**Task goal:** From the data below, report how many lines contain the word "background", giving the number and nothing else.

Brief descriptive captions:
********************

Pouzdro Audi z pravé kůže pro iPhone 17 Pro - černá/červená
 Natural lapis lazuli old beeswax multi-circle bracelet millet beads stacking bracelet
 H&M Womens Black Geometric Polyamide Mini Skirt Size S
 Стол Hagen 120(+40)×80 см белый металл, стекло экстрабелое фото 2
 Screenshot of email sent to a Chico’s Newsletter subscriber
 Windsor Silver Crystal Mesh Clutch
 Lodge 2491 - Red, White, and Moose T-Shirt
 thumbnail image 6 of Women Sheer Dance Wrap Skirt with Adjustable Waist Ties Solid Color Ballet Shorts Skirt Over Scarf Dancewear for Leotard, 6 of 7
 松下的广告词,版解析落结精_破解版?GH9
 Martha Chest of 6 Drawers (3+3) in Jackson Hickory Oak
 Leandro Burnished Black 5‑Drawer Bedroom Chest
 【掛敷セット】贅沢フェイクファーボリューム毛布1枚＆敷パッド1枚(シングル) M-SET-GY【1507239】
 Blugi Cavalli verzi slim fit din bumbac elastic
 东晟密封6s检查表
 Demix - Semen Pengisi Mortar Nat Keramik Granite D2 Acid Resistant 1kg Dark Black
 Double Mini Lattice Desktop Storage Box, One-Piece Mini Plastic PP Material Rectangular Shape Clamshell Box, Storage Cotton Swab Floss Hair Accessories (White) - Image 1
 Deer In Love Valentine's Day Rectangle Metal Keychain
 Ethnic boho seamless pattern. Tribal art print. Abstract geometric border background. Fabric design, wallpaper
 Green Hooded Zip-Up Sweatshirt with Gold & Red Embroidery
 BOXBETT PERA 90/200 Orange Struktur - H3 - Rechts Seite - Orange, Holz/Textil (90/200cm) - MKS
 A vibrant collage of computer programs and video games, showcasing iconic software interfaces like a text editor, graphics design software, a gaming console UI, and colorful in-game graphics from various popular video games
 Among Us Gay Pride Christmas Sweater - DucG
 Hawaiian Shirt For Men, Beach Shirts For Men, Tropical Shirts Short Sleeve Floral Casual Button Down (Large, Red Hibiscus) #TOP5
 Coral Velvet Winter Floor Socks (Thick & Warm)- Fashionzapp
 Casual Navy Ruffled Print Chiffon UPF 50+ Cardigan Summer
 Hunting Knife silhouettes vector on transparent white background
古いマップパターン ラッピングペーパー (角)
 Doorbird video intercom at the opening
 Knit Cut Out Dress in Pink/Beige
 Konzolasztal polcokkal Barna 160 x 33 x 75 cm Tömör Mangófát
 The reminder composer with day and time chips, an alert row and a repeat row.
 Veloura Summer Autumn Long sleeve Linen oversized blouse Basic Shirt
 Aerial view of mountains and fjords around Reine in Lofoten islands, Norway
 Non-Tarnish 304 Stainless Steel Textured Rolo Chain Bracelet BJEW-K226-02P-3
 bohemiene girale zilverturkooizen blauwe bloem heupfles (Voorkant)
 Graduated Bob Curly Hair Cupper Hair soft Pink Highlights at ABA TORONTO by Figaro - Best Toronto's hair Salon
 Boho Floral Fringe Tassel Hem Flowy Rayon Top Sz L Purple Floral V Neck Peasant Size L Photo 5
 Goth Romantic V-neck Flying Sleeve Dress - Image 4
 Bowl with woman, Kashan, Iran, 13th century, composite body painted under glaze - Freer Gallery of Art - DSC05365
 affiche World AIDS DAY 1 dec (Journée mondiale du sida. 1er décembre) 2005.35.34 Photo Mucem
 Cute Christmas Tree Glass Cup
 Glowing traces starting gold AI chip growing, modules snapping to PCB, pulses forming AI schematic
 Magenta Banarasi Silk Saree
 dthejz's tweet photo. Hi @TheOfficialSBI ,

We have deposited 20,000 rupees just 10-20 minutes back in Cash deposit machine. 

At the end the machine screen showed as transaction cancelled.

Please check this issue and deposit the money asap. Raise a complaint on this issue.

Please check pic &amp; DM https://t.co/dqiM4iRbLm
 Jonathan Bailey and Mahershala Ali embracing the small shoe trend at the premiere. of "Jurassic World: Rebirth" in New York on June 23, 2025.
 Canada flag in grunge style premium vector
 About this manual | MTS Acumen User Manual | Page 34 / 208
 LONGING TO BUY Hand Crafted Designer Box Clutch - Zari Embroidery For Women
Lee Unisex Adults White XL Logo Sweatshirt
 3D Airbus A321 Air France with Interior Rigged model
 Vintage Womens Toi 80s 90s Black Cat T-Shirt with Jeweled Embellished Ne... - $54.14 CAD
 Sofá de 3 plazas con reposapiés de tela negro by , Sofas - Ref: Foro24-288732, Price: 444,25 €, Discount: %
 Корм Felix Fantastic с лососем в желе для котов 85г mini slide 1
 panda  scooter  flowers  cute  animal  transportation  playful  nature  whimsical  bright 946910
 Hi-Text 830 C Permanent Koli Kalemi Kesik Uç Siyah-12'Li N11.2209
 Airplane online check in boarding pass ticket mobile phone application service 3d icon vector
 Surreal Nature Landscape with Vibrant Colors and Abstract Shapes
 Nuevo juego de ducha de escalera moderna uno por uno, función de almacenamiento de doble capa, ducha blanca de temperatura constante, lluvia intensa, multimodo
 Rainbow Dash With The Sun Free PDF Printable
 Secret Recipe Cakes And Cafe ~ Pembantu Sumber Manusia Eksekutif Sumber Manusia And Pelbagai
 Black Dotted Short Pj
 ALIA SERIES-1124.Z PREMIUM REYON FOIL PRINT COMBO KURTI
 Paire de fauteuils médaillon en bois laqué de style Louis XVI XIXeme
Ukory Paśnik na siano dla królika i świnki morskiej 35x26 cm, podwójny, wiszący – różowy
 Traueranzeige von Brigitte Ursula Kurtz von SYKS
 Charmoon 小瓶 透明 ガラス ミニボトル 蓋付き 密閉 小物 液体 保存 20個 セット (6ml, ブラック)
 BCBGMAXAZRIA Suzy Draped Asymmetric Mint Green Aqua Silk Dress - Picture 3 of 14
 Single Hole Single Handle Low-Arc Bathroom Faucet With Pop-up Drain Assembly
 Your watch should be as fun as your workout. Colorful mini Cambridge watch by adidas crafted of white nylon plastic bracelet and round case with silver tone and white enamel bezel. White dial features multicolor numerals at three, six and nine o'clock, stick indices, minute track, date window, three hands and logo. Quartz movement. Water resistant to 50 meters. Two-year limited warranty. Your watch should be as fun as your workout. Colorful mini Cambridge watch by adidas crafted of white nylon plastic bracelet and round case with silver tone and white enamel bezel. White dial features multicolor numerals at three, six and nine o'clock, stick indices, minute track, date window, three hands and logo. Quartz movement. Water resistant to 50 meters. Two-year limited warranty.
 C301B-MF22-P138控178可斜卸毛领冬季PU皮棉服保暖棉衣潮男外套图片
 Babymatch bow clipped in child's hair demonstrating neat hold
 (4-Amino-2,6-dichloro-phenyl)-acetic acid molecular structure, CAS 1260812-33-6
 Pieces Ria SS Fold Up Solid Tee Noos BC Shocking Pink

********************

**Problem solution:** 2